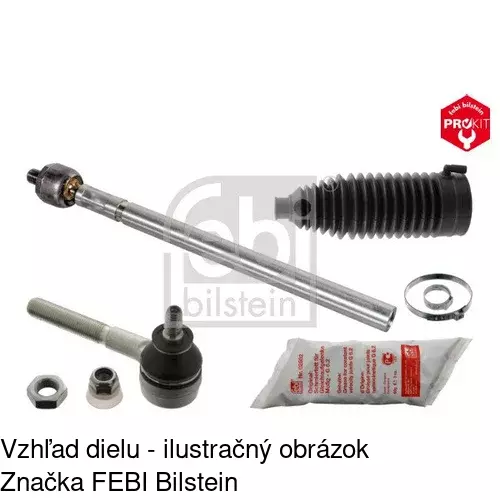 Tyč riadenia POLCAR S6057009 - obr. 2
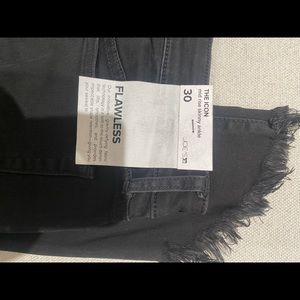 COPY - Joe’s flawless black jeans size 30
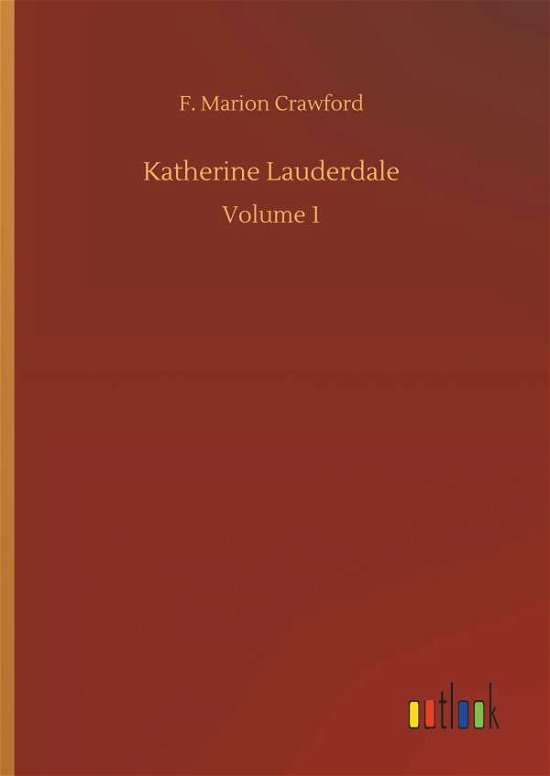 Cover for Crawford · Katherine Lauderdale (Book) (2018)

____________

_WHAT THE TASK ASKS_:
Only the lines from the one with "COPY - Joe’s flawless black jeans size 30" to the end of the listing, both ends included, should be retyped exactly; no pictures belong in the copy.

_RESPONSE TO THIS TASK_:
 COPY - Joe’s flawless black jeans size 30
 Cover for Crawford · Katherine Lauderdale (Book) (2018)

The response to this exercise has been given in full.